Para as sílabas não é tão indispensável livro, pois devem ser todas aprendidas e não há tanta necessidade de estender o conhecimento das mais difíceis, como fazem comumente, para quando forem escritas, serem mais depressa percebidas. Além do que foi dito, não há muito que confiar no que as crianças aprendem, da primeira vez. Antes, será muito útil repetir e não apressá-las, para que leiam, de início, correntemente, e sim quando juntarem as letras sem embaraço, sem parar e nem pensar demais. Unindo, então, as sílabas abrangerão toda a palavra e, depois, começarão com elas, a formar frases. É incrível quanta inibição no ler ocasiona a pressa, nascendo, daí, o titubear, o deter-se e o repetir os vocábulos. E, se chegam a errar algo, quando se atrevem a fazer mais do que podem, desconfiam, então, do que sabem. Que leiam sem emendas e sem interrupção, porém, com pausa, até que com exercício cheguem a ler com correção a rapidez. Olhar para frente e ver a palavra que se segue (regras que todos os mestres são) não só é o que ensina o método com a prática, porque quando se olha o que se segue, pronuncia-se o primeiro e a atenção do indivíduo divide-se, aliás coisa mui difícil. Dessa forma, os olhos terão um trabalho e a voz, outro. Quando a criança começar a escrever, não lamentemos a preocupação que tivemos em evitar que perca tempo com vocábulos comuns e que ocorrem diariamente. Pode ir ainda aprendendo enquanto se ocupa de outra coisa, a interpretar palavras mais desconhecidas da língua, a que os gregos chamam de “glosas” e conseguir com esses primeiros elementos o que depois lhe há de tomas algum tempo. E, já que me detenho em minúcias, desejaria que os cartazes apresentados às crianças contenham sentenças úteis, bons conselhos, porque a sua recordação durará até a velhice. E, ao fixarem-se numa inteligência, ainda vazia de ideias, serão melhor aproveitadas para a formação de hábitos e atitudes. Podem também ser conhecidos, daquela forma, conceitos de homens ilustres, trechos escolhidos, principalmente de poetas, coisas que agradam muito, nessa fase. A memória é muito útil ao orador e ela se cultiva e se afirma com o exercício; e essa é a maneira mais sutil com que o mestre pode tirar proveito, numa idade em que as crianças ainda não podem inventar algo.

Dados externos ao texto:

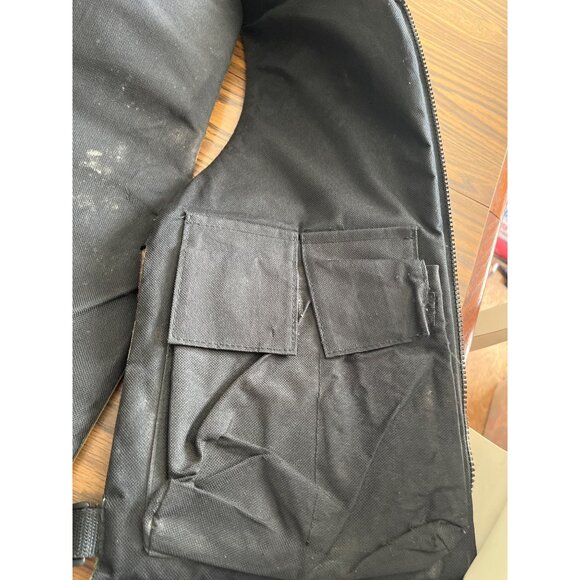 Gen X Global green camouflage tactical paintball vest OSFA - Picture 6 of 6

Não será inútil, para que consigam uma dicção clara e desembaraçada, fazê-las repetir palavras difíceis, pesquisadas com esse fim, e sentenças formadas de vocábulos ásperos e que se confundam entre si, (os gregos chamam-nos de “enredosos”) obrigando-as a pronunciá-los rapidamente. Parece futilidade, à primeira vista; mas, isto, omitido, encherá a pronúncia com vícios que, não corrigidos, nos primeiros anos, durarão eternamente.
Fonte: Institutio Oratoria, Quintiliano.